To minimize the effect of mass dependence on repeatability, great care was taken to remove the same amount of ink from replicate samples making them as similar as possible. For some ink samples, this goal was achieved. For example, a black Bic ink written 11/14/08 was extracted and analyzed five times. These samples showed good repeatability with a range of PE concentrations of 1.848 ppm to 2.019 ppm. Other samples tested in multiples did not show reproducible results.
The densitometer was used in conjunction with the GC-MS analysis as a means of overcoming the mass dependence. Overall, normalizing samples using the densitometer to calculate the amount of ink in a sample did not aid in the attempt to overcome mass dependence.

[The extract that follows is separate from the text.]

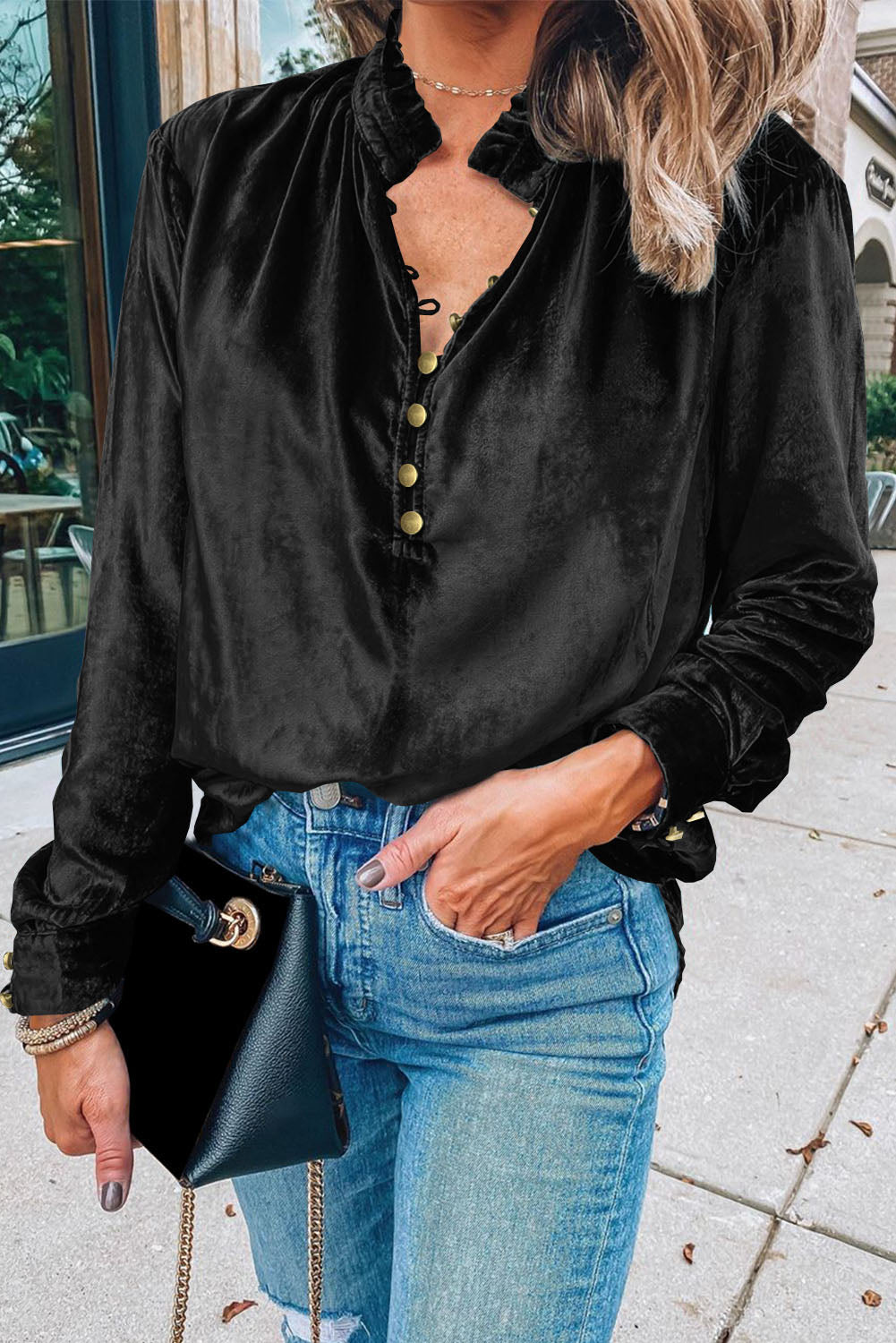 Biking Red Frilled Neck Buttoned Front Velvet Top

In many cases, the results showed to be more reproducible, but in some cases, the results were not helpful in increasing the reproducibility of samples known to be the same age. Further work will be performed to determine a more appropriate correlation between the GC-MS data and the densitometer data as well as investigate other methods of overcoming mass dependence.
3.4. Future Work
Establishing a technique that was reproducible and reliable to quantify PE and establishing a baseline for completely aged samples was a large first step. Future work to be completed includes optimization of the extraction procedure and the GC-MS program. Also, the testing of more ink samples will be performed to obtain a broader view of the available ink formulations and the concentrations of PE within them.
Further research will also be completed to determine a reliable method to overcome the mass dependence seen with this type of testing and improve the repeatability of the procedure. Currently, in this work, the analyst must take great care when removing ink samples in order to remove the same amount of ink for each extraction.
Also, work is being done to narrow down the time frame in which samples completely age. The goal is to find the time when the concentration of PE in an ink sample stops changing at a detectable rate.
Further research may allow that if an ink formulation is known, then more conclusions could possibly be reached. If the formulation of ink is known (the type of ink and the manufacturer), then it may be possible to determine that the ink is completely aged (instead of simply that it’s new). For example, if a certain ink formulation is known to have high levels of PE, then low levels of PE, when the sample is tested, may show that the ink is old.
Conclusions
The use of gas chromatography-mass spectrometry shows promise for the use of aging ink samples. Fewer ink samples from the document are required for this GC-MS analysis than for traditional ink dating analyzing the dyes. The instrument and solutions used in our laboratory revealed that ink samples tested with greater than 1.6 ppm PE are recent samples that have not aged fully. Samples should be run in multiples (we suggest triplicate if at all possible) in order to take into account possible errors, and anomalies in the testing process, and for better confidence in results. Based on the current testing performed and results obtained, no conclusions should be drawn based on a single test run for a sample as to its age.